> [Stored records]:
▽
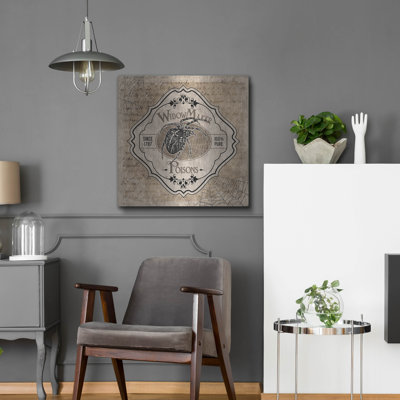 Art mural en métal luxueux «Widowaker Poisons» par Lauren Rader, 24 po x 24 po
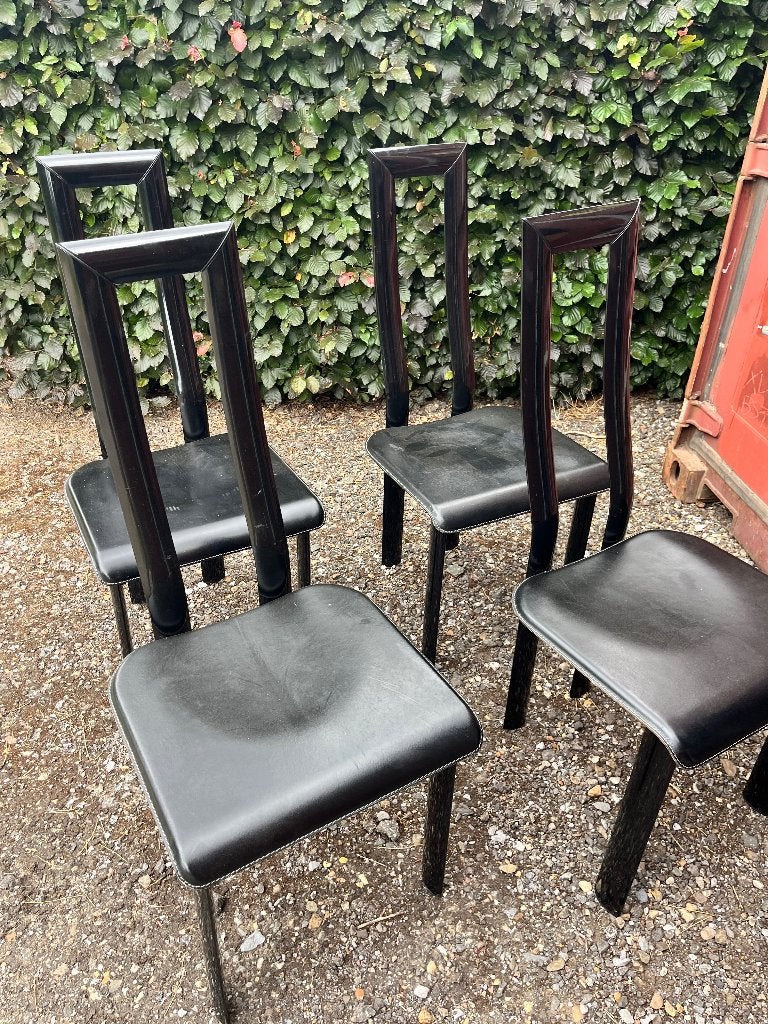 Vintage Italiaans stoelen Ycami, Huis en Inrichting, Ophalen, Gebruikt, Vier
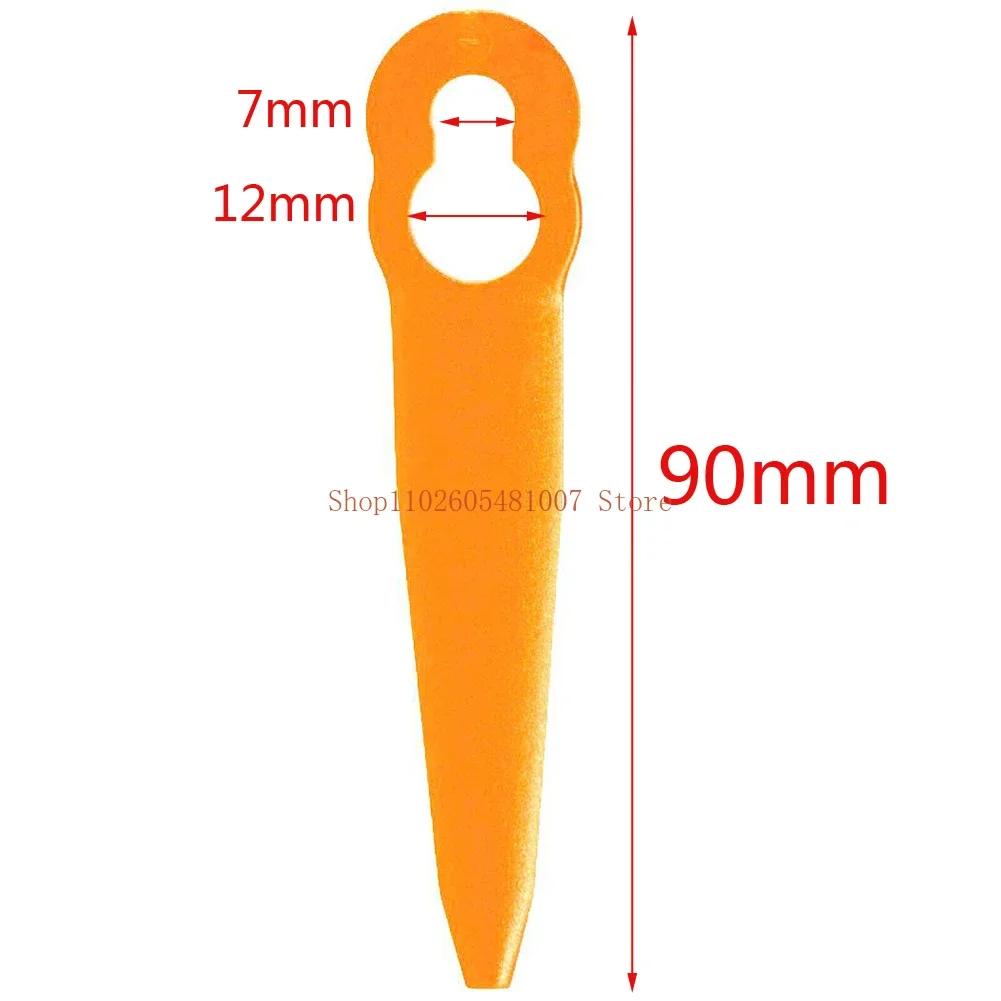 90mm 30pcs Plastic Blades for STIHL Cordless Strimmer Grass Trimmer Mowing Heads Replacement Blades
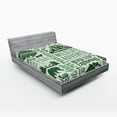 thumbnail image 1 of Ambesonne Camping Fitted Sheet 2 Pcs Set, Outdoors Adventure Theme, Full, Pale Green Dark Green, 1 of 3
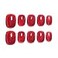 Sun&Beam Nails SunBeam Nails Handmade Press On Nails Short Square Wine Red Shimmer Glitter Finish 10 Pieces for Everyday Wear and Special Occasions 163 S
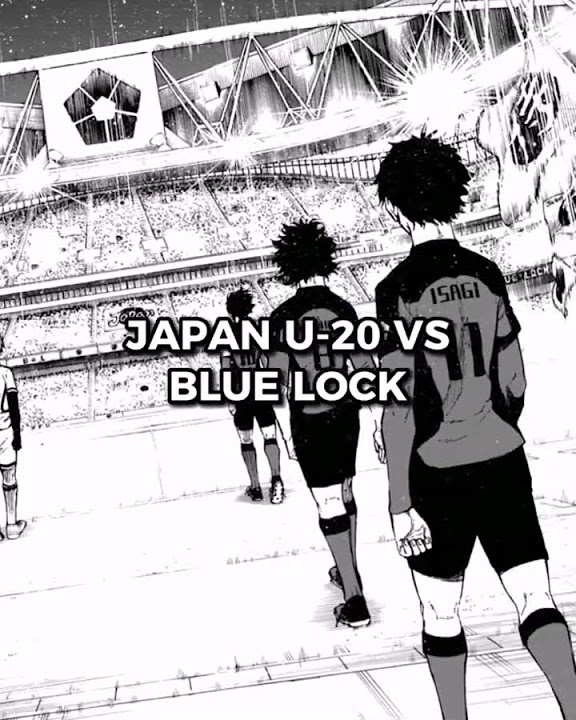 Japan u20 vs blue lock! YouTube
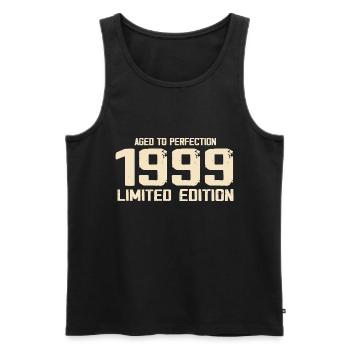 1999 Edition limitée 1999 Anniversaire 1999 Rétro - Débardeur bio Premium Homme - noir - Devant - Michal (187cm)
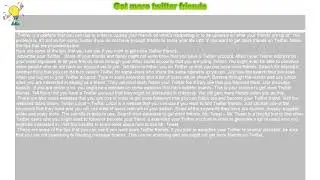 How to : Get more twitter friends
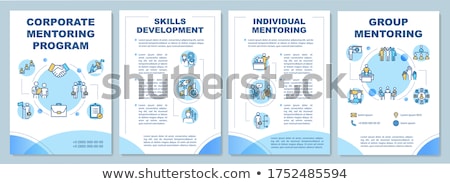 Stock fotó: Corporate Mentoring Program Brochure Template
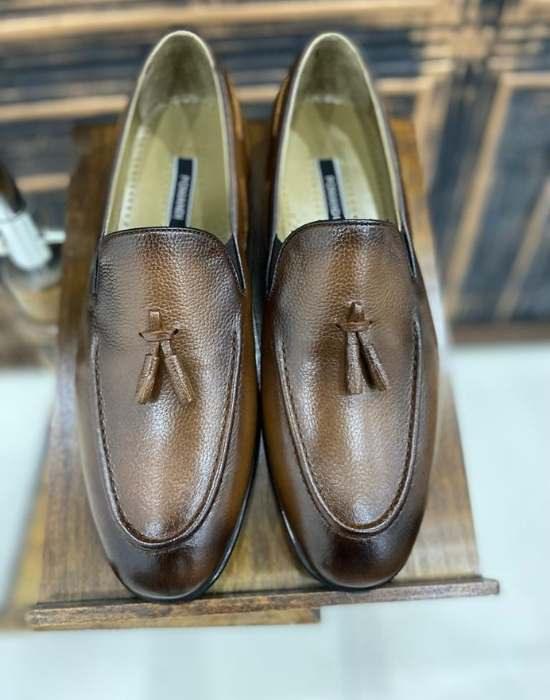 Bruine Loafers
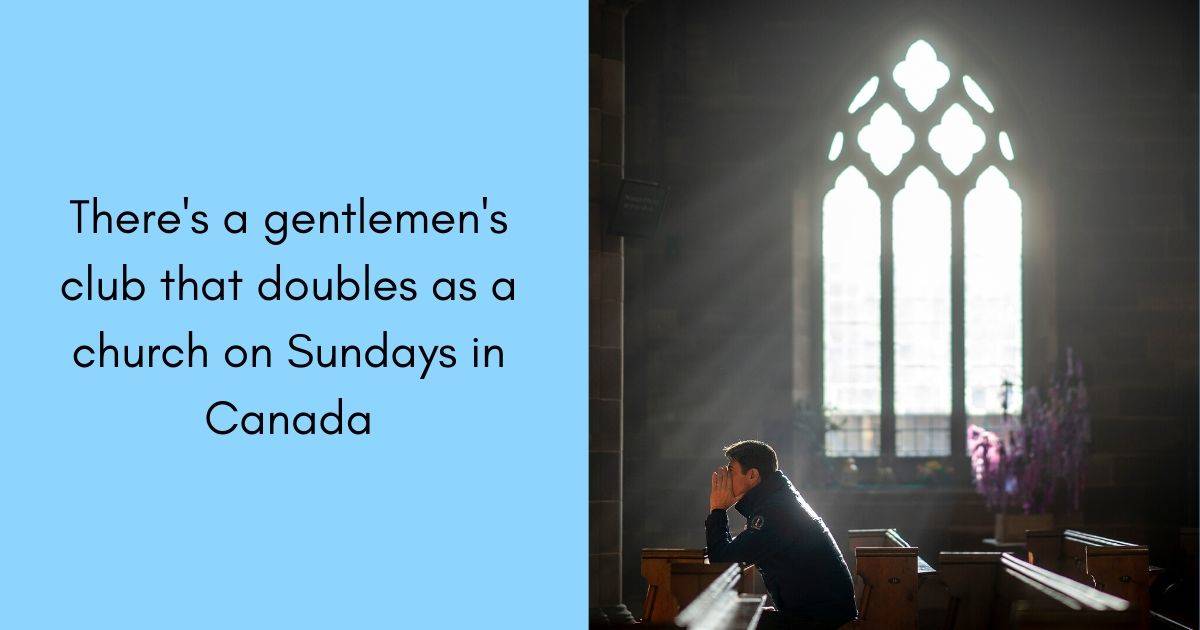there's a gentlemen's club that doubles as a church on Sundays in Canada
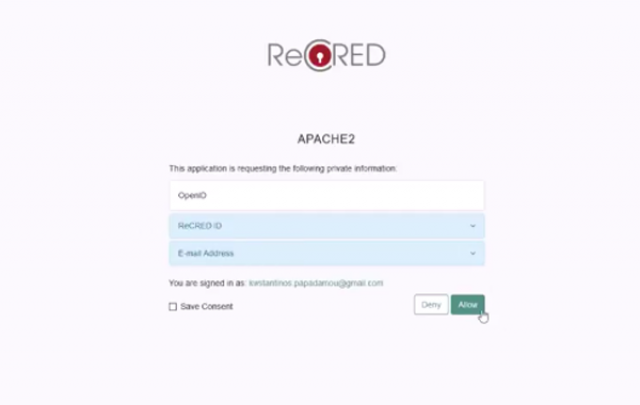 Newly implemented ReCRED functionalities demonstration videos - Κεντρική Εικόνα
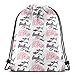 Produktbild vintage cap Surfer Shark Dude_45392 3D Print Drawstring Backpack Rucksack Shoulder Bags Gym Bag for Adult 16.9"x14"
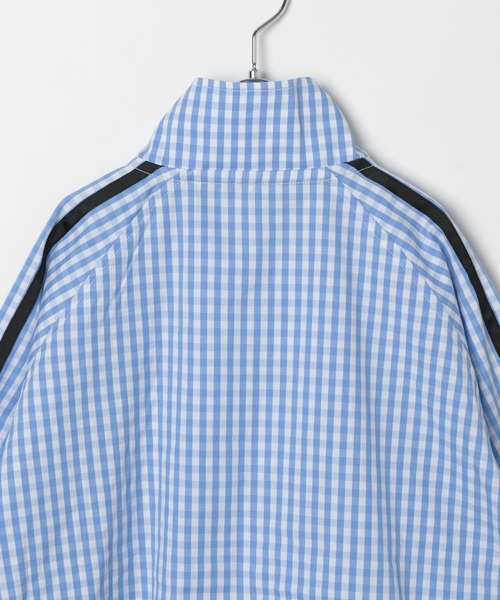 10C REPIPI（ジューシーレピピ）の「【10C REPIPI】ギンガムチェックトラックジャケット（その他アウター・キッズ・ブラック/ブルー・130cm/110cm/120cm）」の8枚目の写真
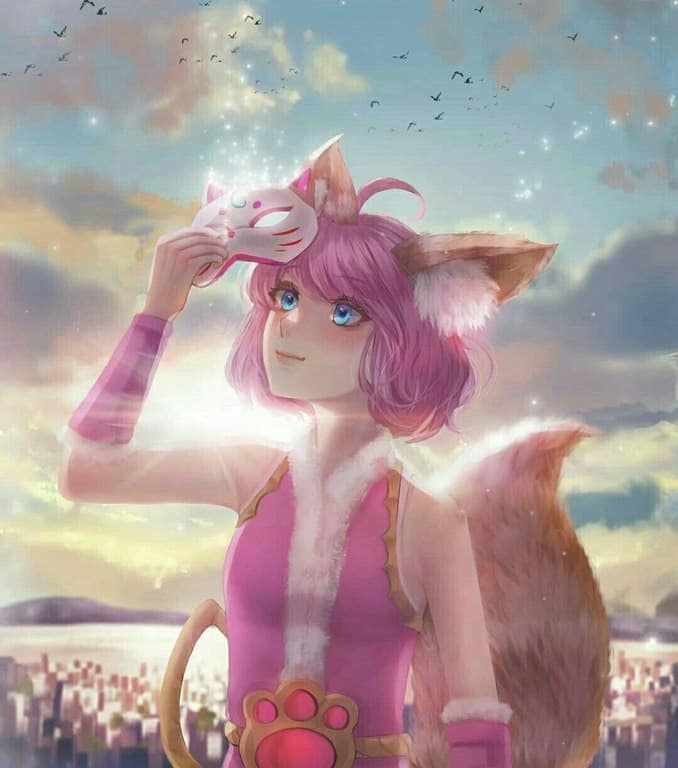 Hình Aya anime cute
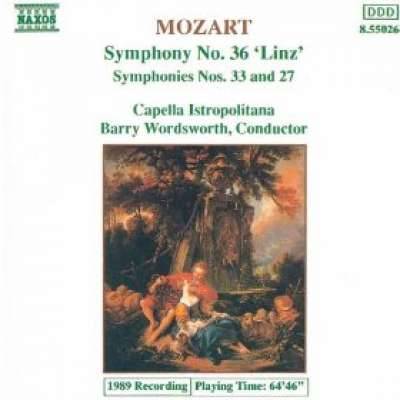 Mozart Symphonies 36 - 33
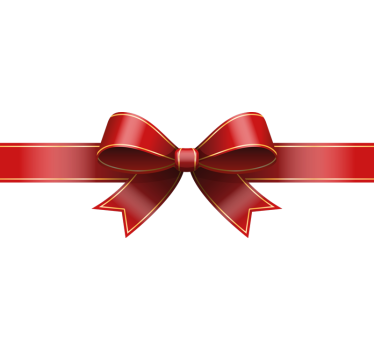 Deur rode strik kerst sticker - TenStickers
△
Beginning with the first line of the records above, extract each line exactly through the line that holds "Produktbild vintage cap", both ends included. Omit pictures.

> [WRITTEN ANSWER]:
 Art mural en métal luxueux «Widowaker Poisons» par Lauren Rader, 24 po x 24 po
 Vintage Italiaans stoelen Ycami, Huis en Inrichting, Ophalen, Gebruikt, Vier
 90mm 30pcs Plastic Blades for STIHL Cordless Strimmer Grass Trimmer Mowing Heads Replacement Blades
 thumbnail image 1 of Ambesonne Camping Fitted Sheet 2 Pcs Set, Outdoors Adventure Theme, Full, Pale Green Dark Green, 1 of 3
 Sun&Beam Nails SunBeam Nails Handmade Press On Nails Short Square Wine Red Shimmer Glitter Finish 10 Pieces for Everyday Wear and Special Occasions 163 S
 Japan u20 vs blue lock! YouTube
 1999 Edition limitée 1999 Anniversaire 1999 Rétro - Débardeur bio Premium Homme - noir - Devant - Michal (187cm)
 How to : Get more twitter friends
 Stock fotó: Corporate Mentoring Program Brochure Template
 Bruine Loafers
there's a gentlemen's club that doubles as a church on Sundays in Canada
 Newly implemented ReCRED functionalities demonstration videos - Κεντρική Εικόνα
 Produktbild vintage cap Surfer Shark Dude_45392 3D Print Drawstring Backpack Rucksack Shoulder Bags Gym Bag for Adult 16.9"x14"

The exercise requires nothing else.